- Location: Miami Beach, Florida, U.S.
- Date: February 2, 1973; 53 years ago
- Attack type: Firebombing, arson
- Deaths: 3
- Injured: 139
- Perpetrator: Charles Reardon

= 1973 Miami Beach firebombing =

Attack in Miami, Florida

On February 2, 1973, a man walked into the crowded Concord Cafeteria in Miami Beach, Florida, poured gasoline out of a large jar, lit a match, ignited the gasoline, and ran out of the cafeteria. Three people were killed and 139 were injured, including many people who were severely burned.

==Location==

The Concord Cafeteria was located at 1921 Collins Avenue in Miami Beach. It was founded in 1947 by Morris Himelstein, who also owned and operated six Concord Cafeterias in New York City. It had 250 seats and served inexpensive, home style food to about 3000 diners a day, many of them retirees. It functioned as an informal social center as well as a restaurant.

==The attack==

On the night of February 2, 1973, a man walked into the cafeteria which was crowded with diners, poured gasoline out a jar, ignited it with a match, and ran out of the restaurant. Intense flames spread very rapidly. People attempted to escape but were obstructed by the turnstiles used to control access to the restaurant. A witness who was a worker at an adjoining restaurant said that he had "rushed out into the street and scores of old people were lying on the sidewalks and in the road moaning and screaming in lots of pain." Another witness said that he saw the interior of the restaurant in flames and "all the glass was broken and the front was gone." Victims were taken to four different hospitals suffering from burns and smoke inhalation, and fourteen people were in critical condition two days later. Three people died.

==The aftermath==

Twenty-two minutes after the fire began, 49-year-old Charles Reardon of Bal Harbour, Florida, walked into a police station, and said, "I've done something terrible. I've made a lot of people scream." After being questioned for 12 hours, Reardon was charged with arson and use of a destructive device. He was never prosecuted because he was found incompetent to be tried due to mental illness.

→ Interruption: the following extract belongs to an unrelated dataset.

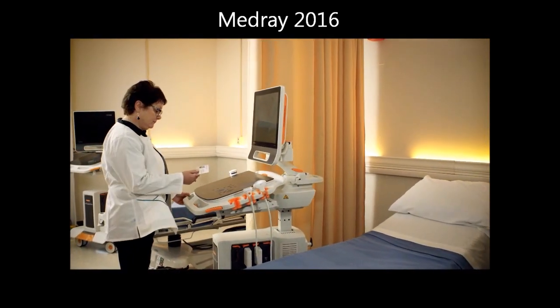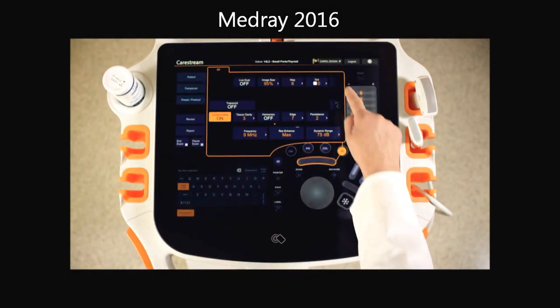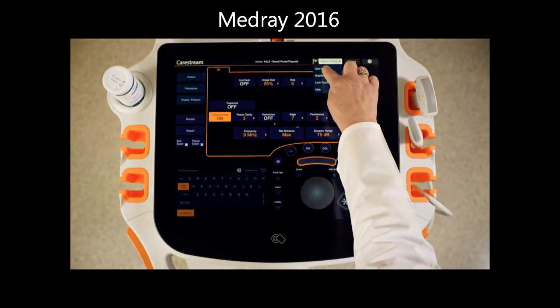A badge swipe securely accesses your personal preferences and controls. No more one-size-fits-all system.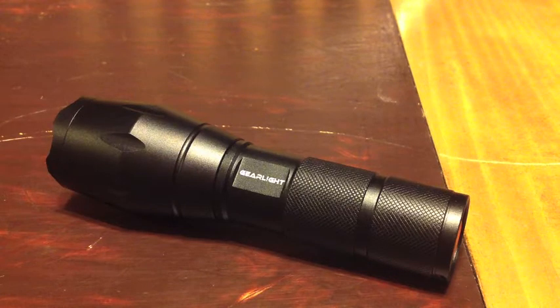It absolutely keeps all water out during heavy rain or left in the snow. Being as compact as this is, this light can virtually fit anywhere, so there's really no excuse for not having it with you when you're out walking your dog, camping, hiking, including your get-home bag, your bug-out bag, your car, your Jeep, whatever you may have. There's absolutely no excuse — this should be with you at all times.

After several months of renovations, the Concord Cafeteria reopened. It was the last cafeteria in Miami Beach when it closed ten years later, in June, 1983.

Many lawsuits against the cafeteria were filed by victims, which were consolidated into a case called Concord Florida, Inc. v. Lewin. The trial court found the restaurant liable in 1975 and a district appeals court agreed in 1977, ruling that by "failing to adequately protect its patrons from fire by providing proper safety measures such as emergency exits and signs indicating the location of said exits, appellant-Concord assumed the foreseeable risk that fire might someday trap its patrons leaving them without an escape route."